- **PROBLEM TO WORK ON**: An exact, picture-free copy of the listing is required.

- **DATA SHOWN**:
------------------------------------------------

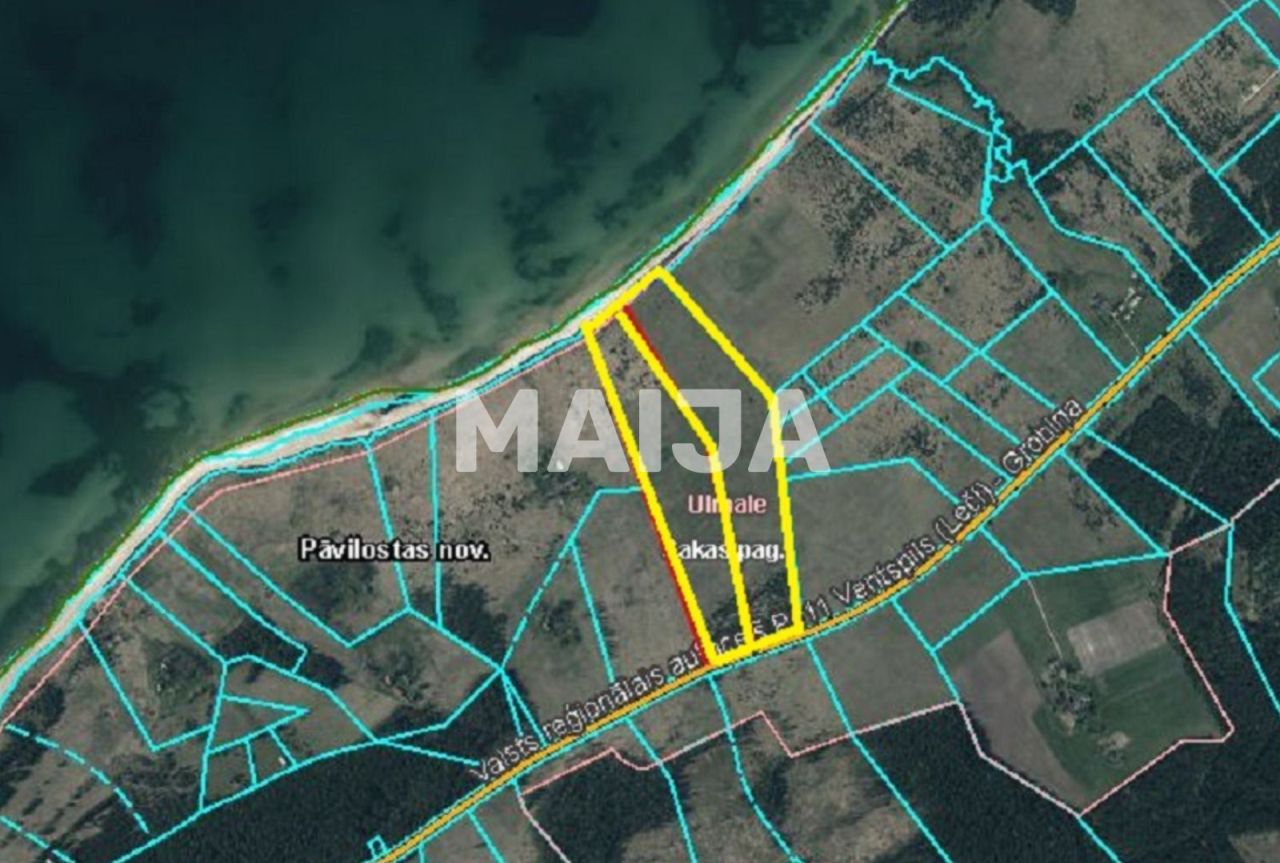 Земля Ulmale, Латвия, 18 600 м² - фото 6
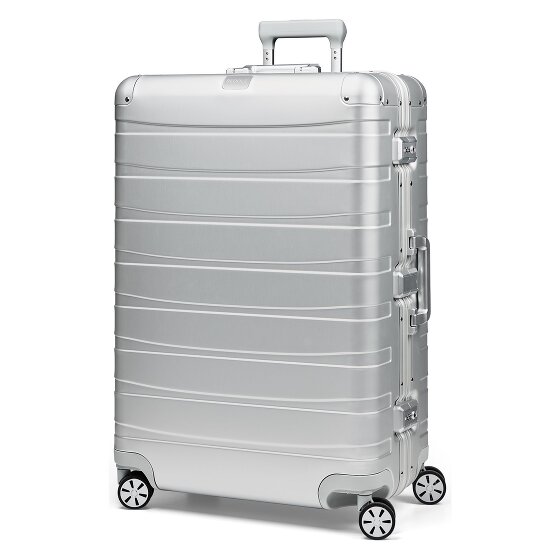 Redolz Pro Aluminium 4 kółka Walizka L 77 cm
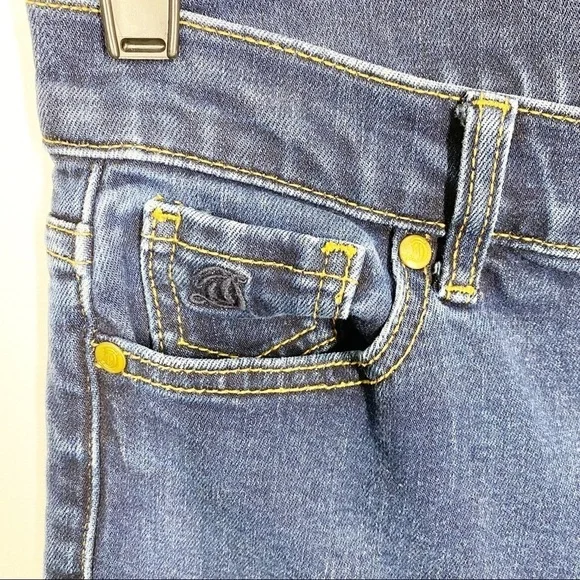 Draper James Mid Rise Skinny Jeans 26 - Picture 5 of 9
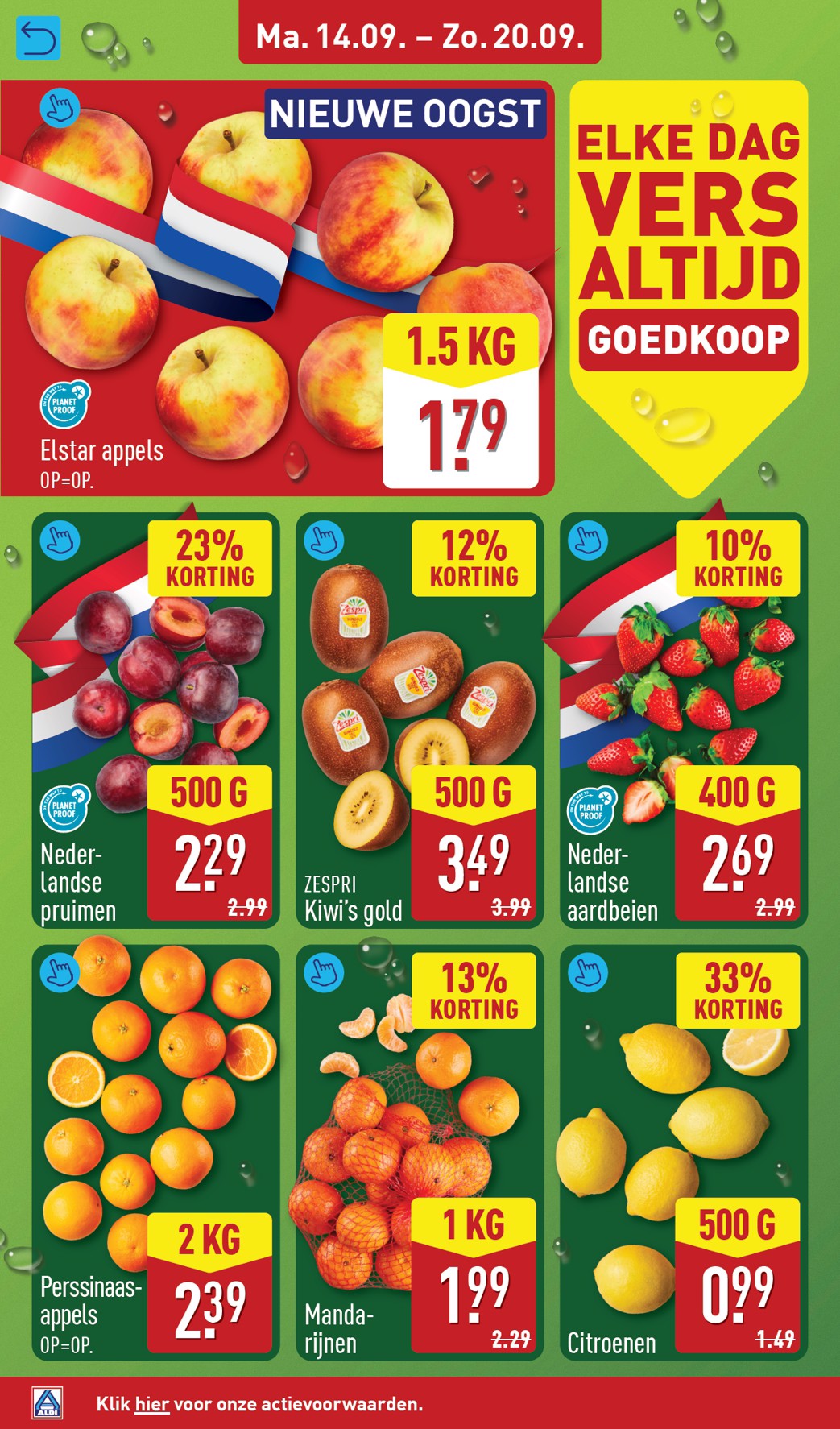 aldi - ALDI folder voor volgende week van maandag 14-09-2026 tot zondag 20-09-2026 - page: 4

------------------------------------------------

- **REPLY TO THE TASK**:
 Земля Ulmale, Латвия, 18 600 м² - фото 6
 Redolz Pro Aluminium 4 kółka Walizka L 77 cm
 Draper James Mid Rise Skinny Jeans 26 - Picture 5 of 9
 aldi - ALDI folder voor volgende week van maandag 14-09-2026 tot zondag 20-09-2026 - page: 4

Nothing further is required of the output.